PRAGUE — The recent turbulence surrounding the resignation of Paul Wolfowitz from the presidency of the World Bank has underscored the need to push ahead with the bank’s good governance and anticorruption agenda. This is necessary not only for the sake of the bank itself but, more fundamentally, for the sake of the poor in developing countries, whose access to public services and opportunities for a better life are undermined by weak governance and graft.
Some have suggested that the president’s departure is the result of his making too many waves with his anticorruption agenda. This is simply not true. The leadership crisis did not reflect a weakening commitment to the governance agenda either by the bank’s professionals or by the countries and shareholders with whom we work. On the contrary, that anticorruption/good governance agenda precedes and outlives the person at the helm of the institution.
The bank began focusing its efforts on improving governance and combating graft 10 years ago. Breaking the taboo of never mentioning corruption, in 1996 the bank’s then president, James Wolfensohn, identified the “cancer of corruption” as a major burden for the poor in developing countries.
Over the last decade, improving governance and fighting corruption have been seen as a high priority by governments, civil society, the private sector and the international community. This is reflected in the World Bank’s lending. The bank’s loans targeting governance and related areas now amount to roughly $4.5 billion, or almost 20 percent of total lending.
Corruption is a major obstacle to economic development, costing billions of dollars a year that could otherwise be used to reduce poverty and promote economic growth.

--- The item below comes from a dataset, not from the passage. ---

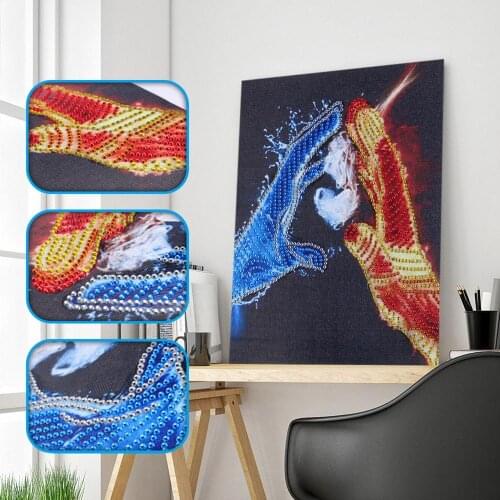Shaped Diamond Painting Cat Dog Tiger Horse DIY 5D Part Diamond Cross Stitch Kit Crystal Rhinestone Art Home Decor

For example, the bank’s recent study “The Many Faces of Corruption” estimates that illegal logging causes annual losses of about $10 billion in the forestry sector. And teacher absenteeism, a major aspect of corruption in education, can lead to direct losses of up to a quarter of a country’s public spending on primary education.
Improving governance and fighting corruption helps countries deliver basic services better and create growth and employment opportunities for the benefit of the poor. That is why we are strengthening citizen and watchdog oversight of public resources in countries like Tanzania, as well as supporting poor people, including indigenous women, in efforts to gain greater access to the judicial system through mobile courts, as we are doing in Guatemala. From enhancing audit institutions in Africa to strengthening procurement procedures in Asia — the bank’s work to combat corruption is an everyday reality.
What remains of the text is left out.